In this connection, the following allegations have been held as mere conclusions of law, inferences from facts not alleged or opinion of the pleader:
- The allegations that defendants appellees were "actuated by ulterior motives, contrary to law and morals, with abuse of their advantageous position as employers, in gross and evident bad faith and without giving plaintiff his due, wilfully, maliciously, unlawfully, and in summary and arbitrary manner", are conclusions of law, inferences from facts not alleged and expressions of opinion unsupported by factual premises;[4]
- An allegation of duty in terms unaccompanied by a statement of facts showing the existence of the duty, is a mere conclusion of law, unless there is a relation set forth from which the law raises the duty;[6]
- An averment that an act was "unlawful" or "wrongful" is a mere legal conclusion or opinion of the pleader;[7]
- The allegation that there was a violation of trust was plainly a conclusion of law, for "a mere allegation that it was the duty of a party to do this or that, or that he was guilty of a breach of duty, is a statement of a conclusion, not of a fact;"[8]
- An allegation that a contract is valid or void, is a mere conclusion of law;[9]

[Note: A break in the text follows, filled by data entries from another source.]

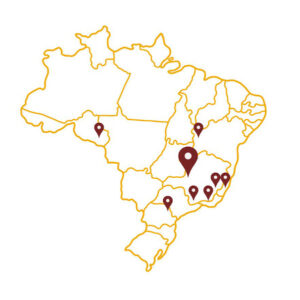 Mappa con indicata in grande la zona caffeicola da dove Ernani prende il suo monorigine brasiliano ed in piccolo tutte le altre zone caffeicole del brasile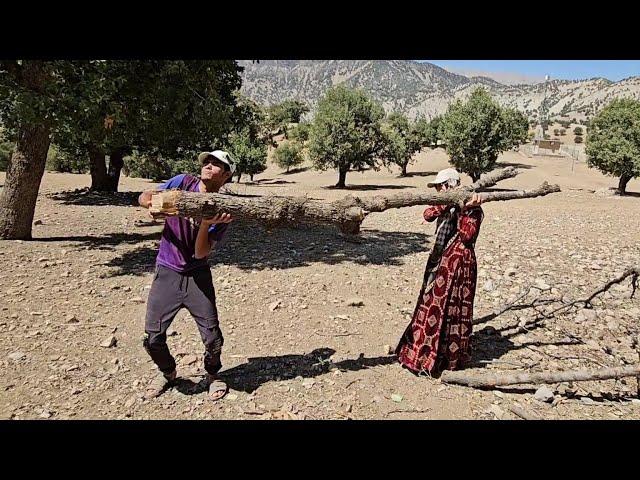 A young nomadic couple fights to build a canopy in the heart of nature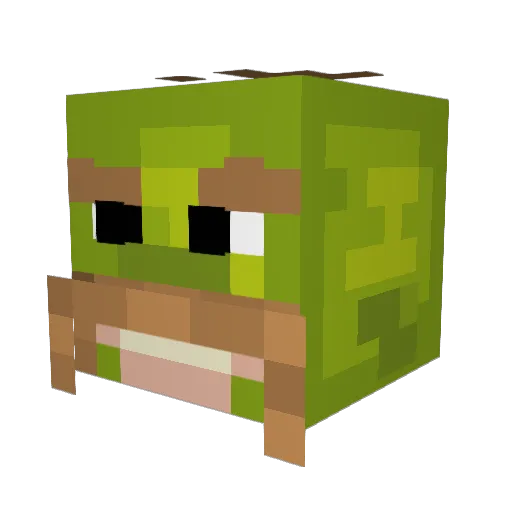 Rockystar93 Minecraft avatar head, 3D render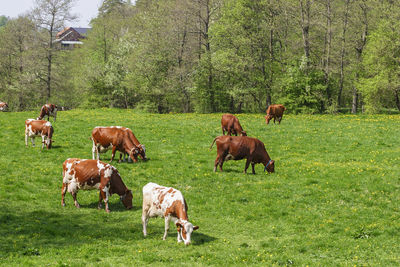 Cows grazing in a field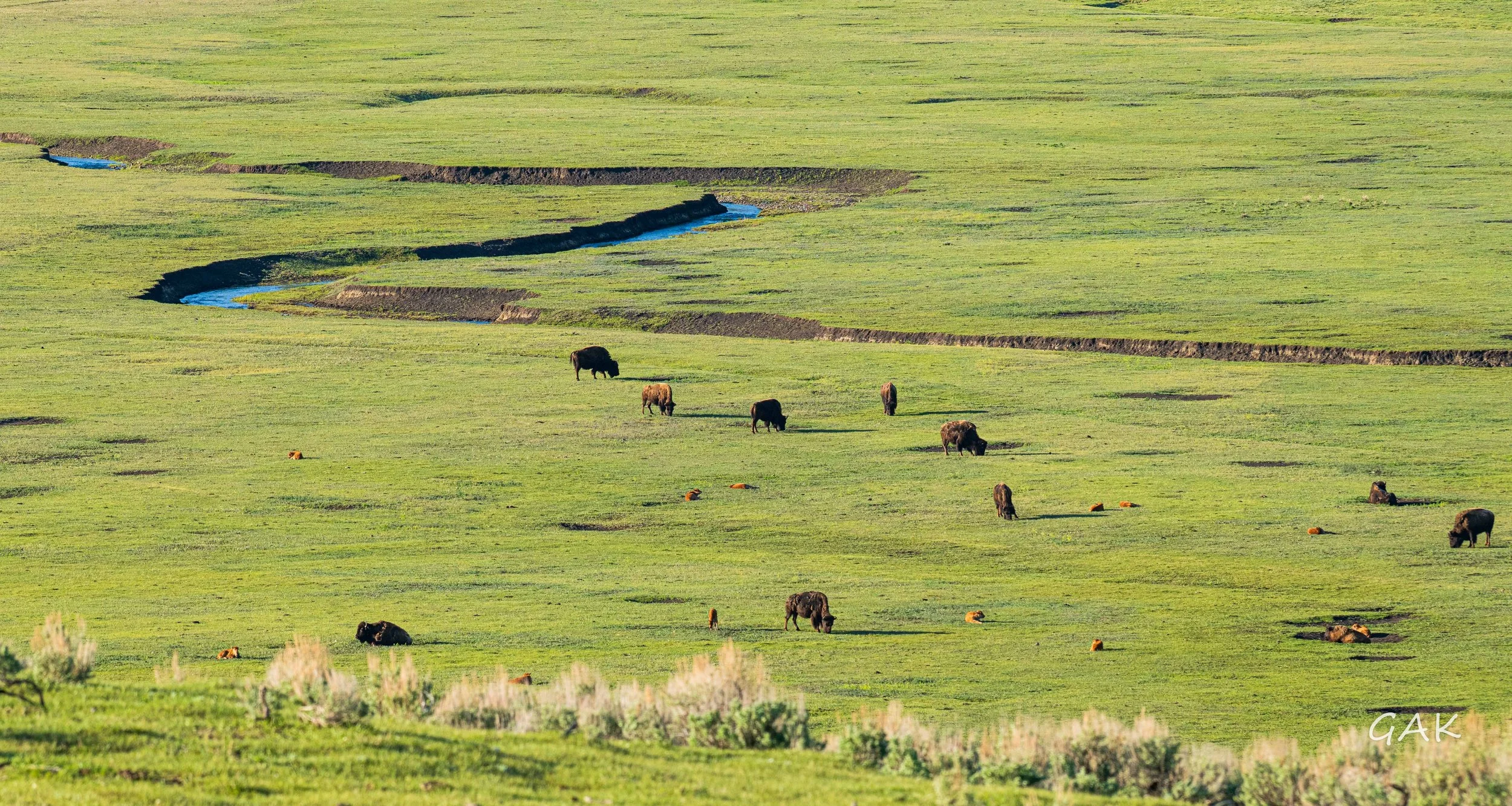 _DSC8828.jpg
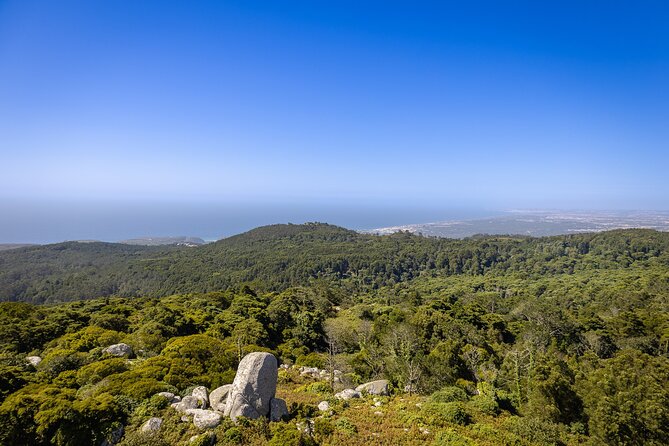 From Lisbon: Sintra, Pena Palace and Regaleira - Sintra from Lisbon: What This 8½-Hour Plan Gets You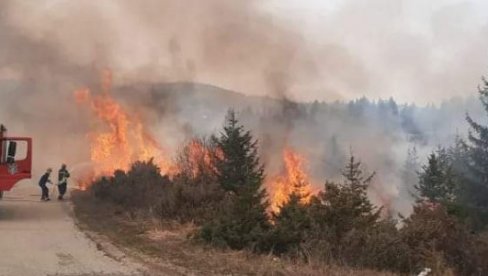 LOKALIZOVAN POŽAR KOD PRIJEPOLJA: Vatra zahvatila skoro 100 hektara trave (FOTO)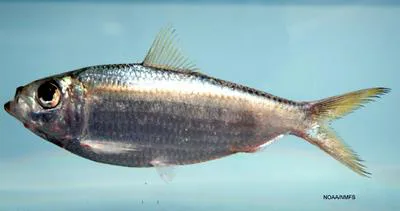 Scaled herring (Harengula jaguana)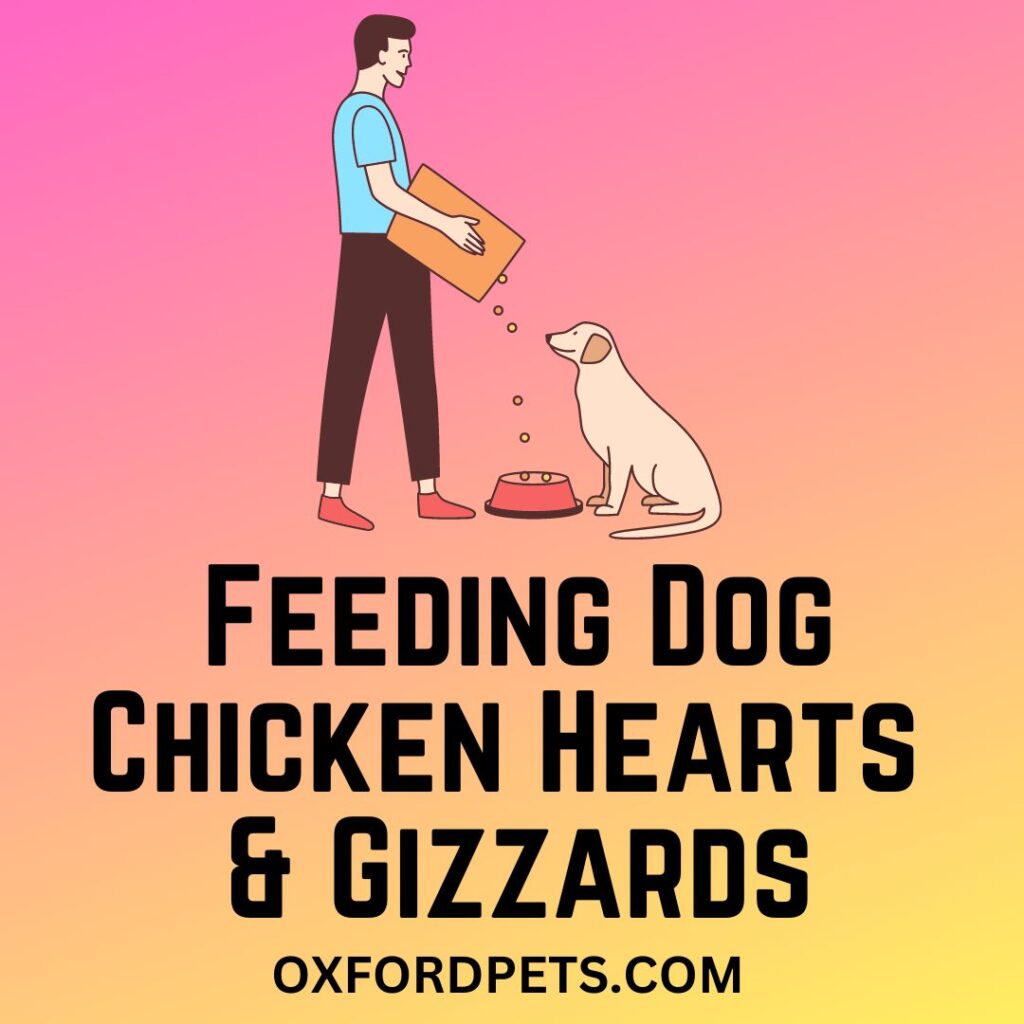 How Often To Feed Dog Chicken Hearts And Gizzards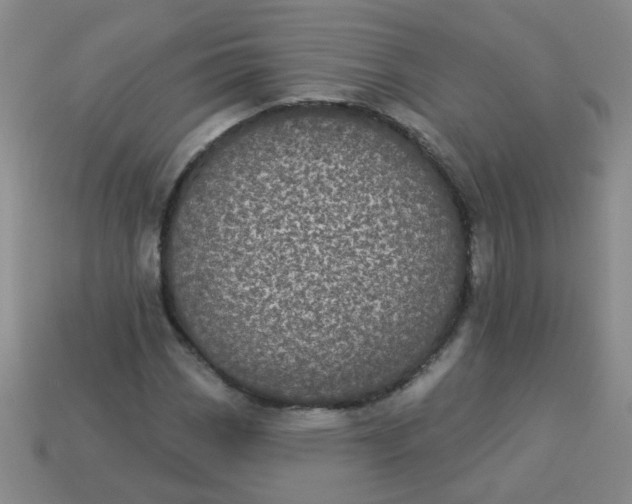 X0000113881113200910151307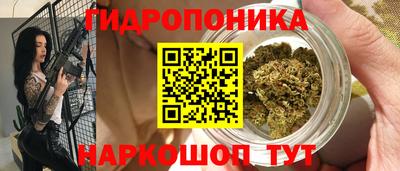 мдпв Дубна
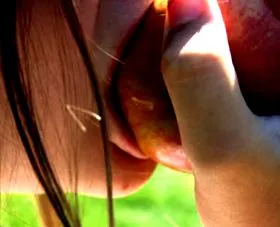 canker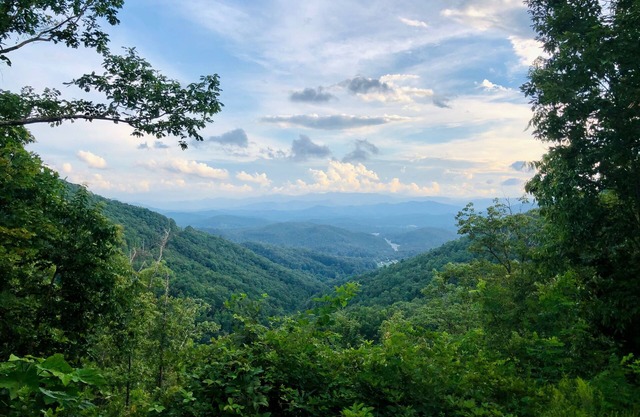 The Beautiful View!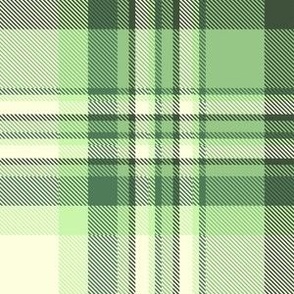 Plaid in shades of green
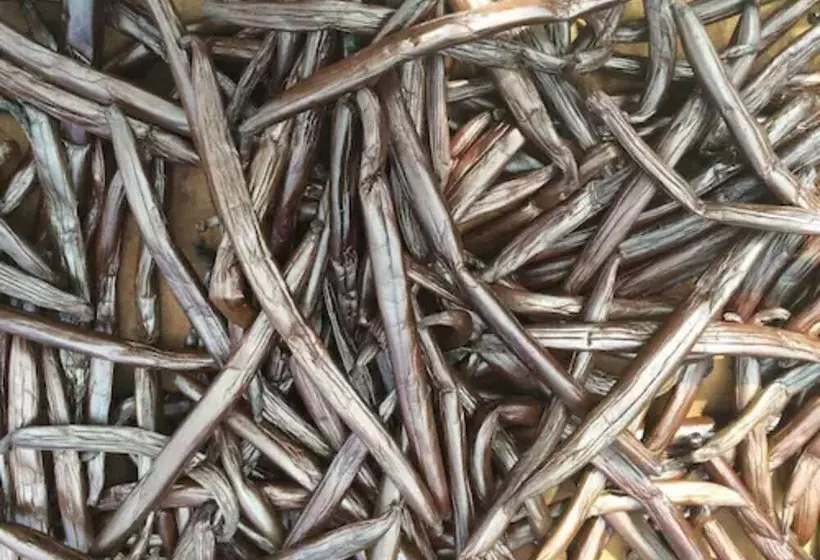 پانسیون La Perle Tahaa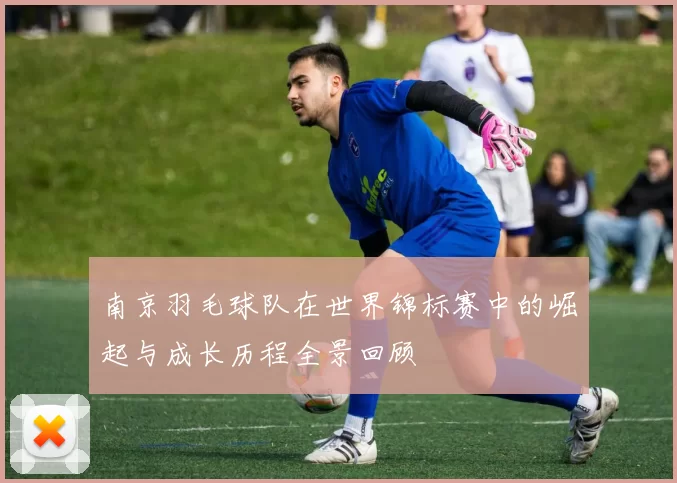 南京羽毛球队在世界锦标赛中的崛起与成长历程全景回顾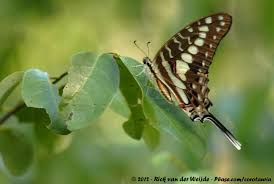 Image result for Cleistochlamys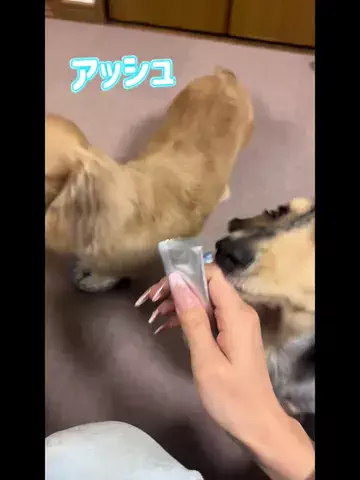 babyashwanwanのTikTok投稿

- The averment in the complaint that "defendant usurped the office of Senator of the Philippines" is a conclusion of law — not a statement of fact — inasmuch as the particular facts on which the alleged usurpation is predicated are not set forth therein;[10] and
- The averment that "with intent of circumventing the constitutional prohibition that 'no officer or employee in the civil service shall be removed or suspended except for cause as provided by law', respondents maliciously and illegally for the purpose of political persecution and political vengeance, reverted the fund of the salary item . . . and furthermore eliminated or abolished the said position effective 1 July 1960" is a mere conclusion of law unsupported by factual premises.[11]
[1] G.R. No. L-19751, 28 February 1966, 16 SCRA 251.
[2] Black's Law Dictionary, 5th ed., p. 500.
[3] Mathay, et al. vs. The Consolidated Bank & Trust Co., et al., G.R. No. L-23136, 28 August 1974, 58 SCRA 559.
[4] Abe, et al. vs. Foster Wheeler Corporation and Caltex, 100 Phil. 198, 206.
[5] De Dios vs. Bristol Laboratories (Phils.) Inc., G.R. No. L-25530, January 1974, 55 SCRA 349, 356.
[6] Mathay vs. Consolidated Bank & Trust Co.
[7] Ibid.
[8] Ibid.
[9] Remitere vs. Vda. de Yule.
[10] Rodriguez vs. Tan, 91 Phil. 724.
[10] Rodriguez vs. Tan, 91 Phil. 724.
[11] Llanto vs. Ali Dimaporo, et al., G.R. No. L-21905, 31 March 1966, 16 SCRA 599, 605.